Email delivery configuration (optional): To enable email notifications, you can provide a defaultEmailDeliveryConfig section in the configuration JSON when creating or updating your ANS instance:
cf create-service alert-notification business-notifications <instance-name> -c '{"defaultEmailDeliveryConfig":{"emailSenderAddress":"test@notifications.sap.com","emailSenderName":"Test Name"}}'Or as a separate JSON configuration:
{
"defaultEmailDeliveryConfig": {
"emailSenderAddress": "test@notifications.sap.com",
"emailSenderName": "Test Name"
}
}| Property | Required | Type | Description |
|---|---|---|---|
emailSenderAddress |
Yes | String | Email address from which emails will be sent. The domain can be the ANS default domain (notifications.sap.com), an SAP Internet Mail Services domain, or a custom domain. |
emailSenderName |
No | String | Human-readable name displayed as the sender in emails. If not specified, emailSenderAddress is shown instead. |
Domain setup options:
| Option | Setup |
|---|---|
Default domain (@notifications.sap.com) |
Prerequisite: You must first create a mailbox for the requested email sender address. If you need an Exchange mailbox, you can request one here. Then submit an email sender verification request providing the full sender address and your provider global account. Once approved, update your instance and test the email delivery. |
| SAP Internet Mail Services domain | If your provider is Internet Mail Services, contact them (internet@sap.com) with the DKIM records so they can configure them (see email template below). Once configured, submit an email sender verification request providing the sender address, provider global account, and evidence of the successful DKIM configuration. |
| Custom domain | Contact the ANS team at DL_58B295755F99B7BFE4000005@global.corp.sap with your domain details. They will provide DKIM DNS records to set up with your DNS provider. After validation, test the email delivery. |
Example email to Internet Mail Services for DKIM setup:
TO: internet@sap.com
Subject: Configure DNS record to use ANS owned email infrastructure
Dear Internet Mail Services team,
We would like to use Alert Notification Service owned email infrastructure.

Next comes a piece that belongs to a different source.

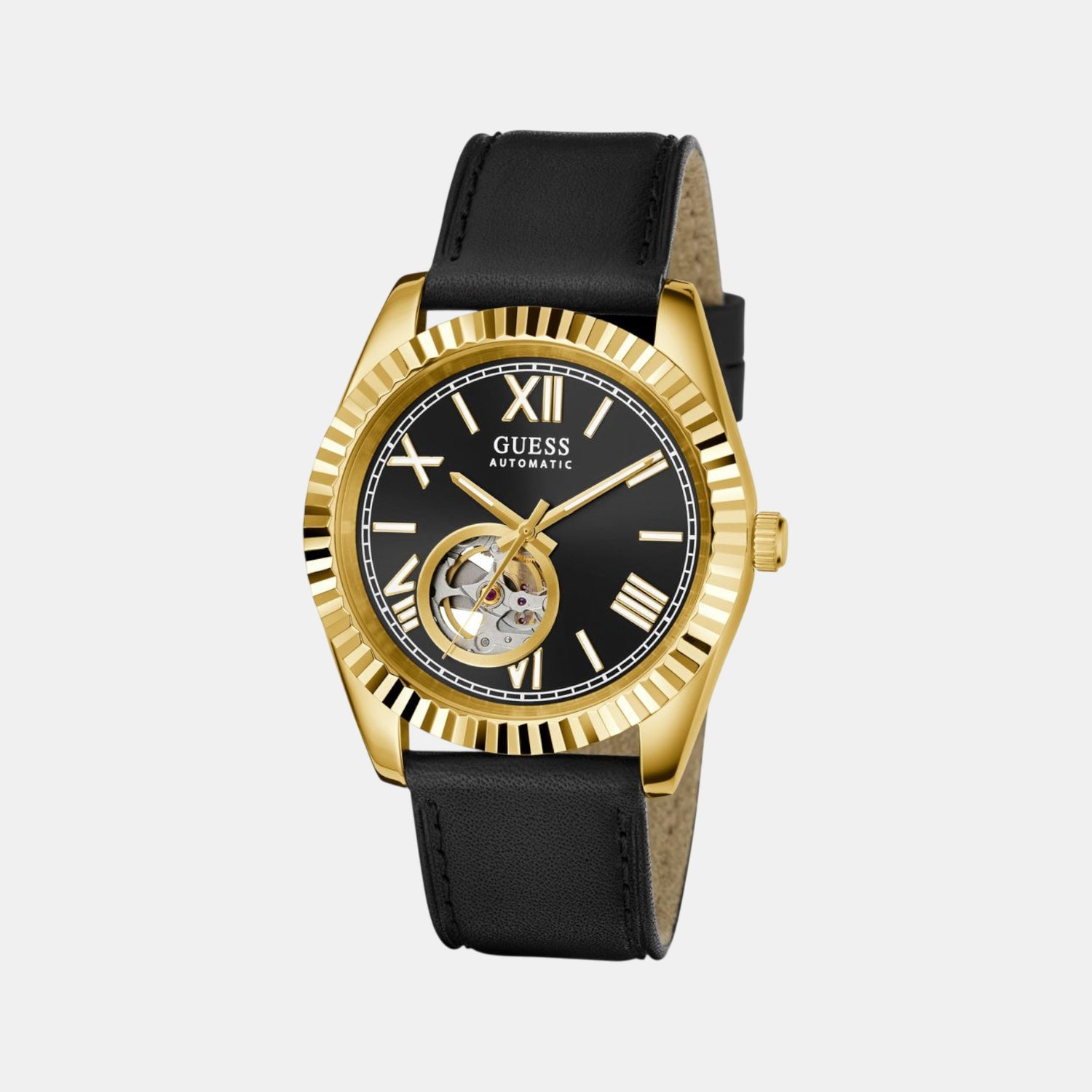 Dress Men Automatic Black Dial Analog Leather Watch GW0985G2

We need to register the following DKIM records for ANS to use the 'example.domain.com' domain.
Can you help create the records on your end?
DKIM records: <insert DKIM records here>
Best,
<Team>
For the full configuration reference, see Configuration in the ANS documentation.

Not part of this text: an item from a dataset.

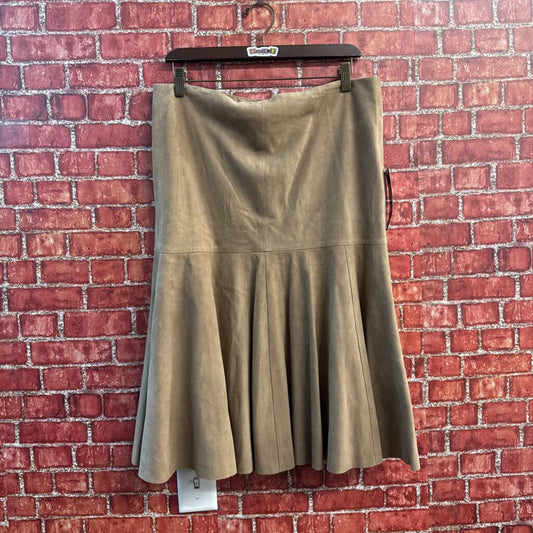 NWT Lauren Ralph Lauren Vintage Midi Skirt Suede Peplum Brown Size 12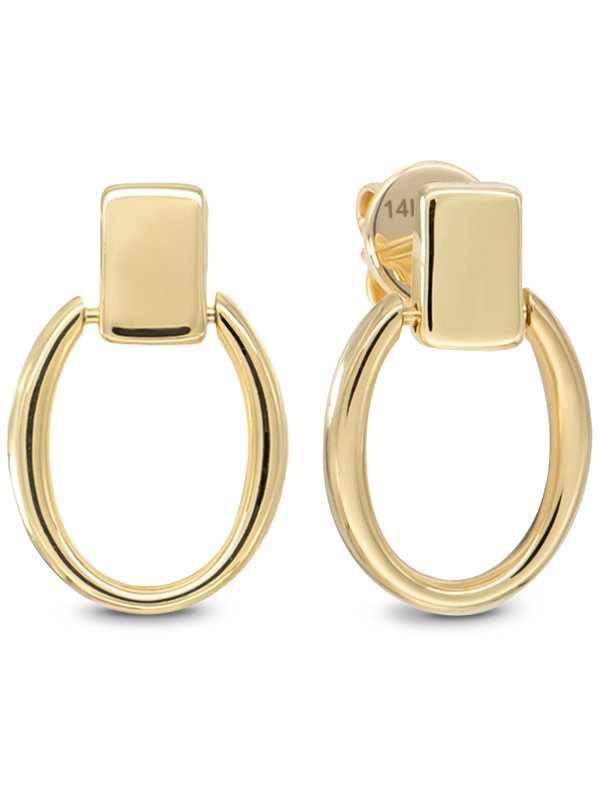 14K Gold Oval Loop Stud Earrings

If you use SAP Build Work Zone, you can use the built-in notification credentials instead of creating an ANS instance.
Prerequisites:
- The
Business_Notifications_Adminrole must be assigned to the user or user group that will generate the notification credentials. A Subaccount Administrator can assign this role via role collections. Since this role is not included in any predefined role collection, the Subaccount Administrator must either add it to an existing role collection or create a new one.
Steps:
- Open the Work Zone subaccount settings > Notifications tab and click Generate to create the notification credentials.

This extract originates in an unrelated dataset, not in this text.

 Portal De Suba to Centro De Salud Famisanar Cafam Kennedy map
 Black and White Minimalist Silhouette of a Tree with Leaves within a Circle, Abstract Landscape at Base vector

- Create a BTP destination named
SAP_Notificationsusing those credentials:
Name: SAP_Notifications
Type: HTTP
URL: <from Work Zone notification credentials>
Authentication: OAuth2ClientCredentials
Client ID: <from Work Zone notification credentials>
Client Secret: <from Work Zone notification credentials>
Token URL: <from Work Zone notification credentials>
Once deployed to BTP, the application automatically discovers this destination. No Java code is needed.
For the complete Work Zone notification setup guide, see Enabling Notifications for Custom Apps on SAP BTP Cloud Foundry.
For hybrid testing (local run): the BTP Destination service is not available locally, so you need to register the destination programmatically. Create a configuration class like DestinationConfiguration.java:
@Component
@Profile("!cloud")
@ServiceName(ApplicationLifecycleService.DEFAULT_NAME)
public class DestinationConfiguration implements EventHandler {
@Before(event = ApplicationLifecycleService.EVENT_APPLICATION_PREPARED)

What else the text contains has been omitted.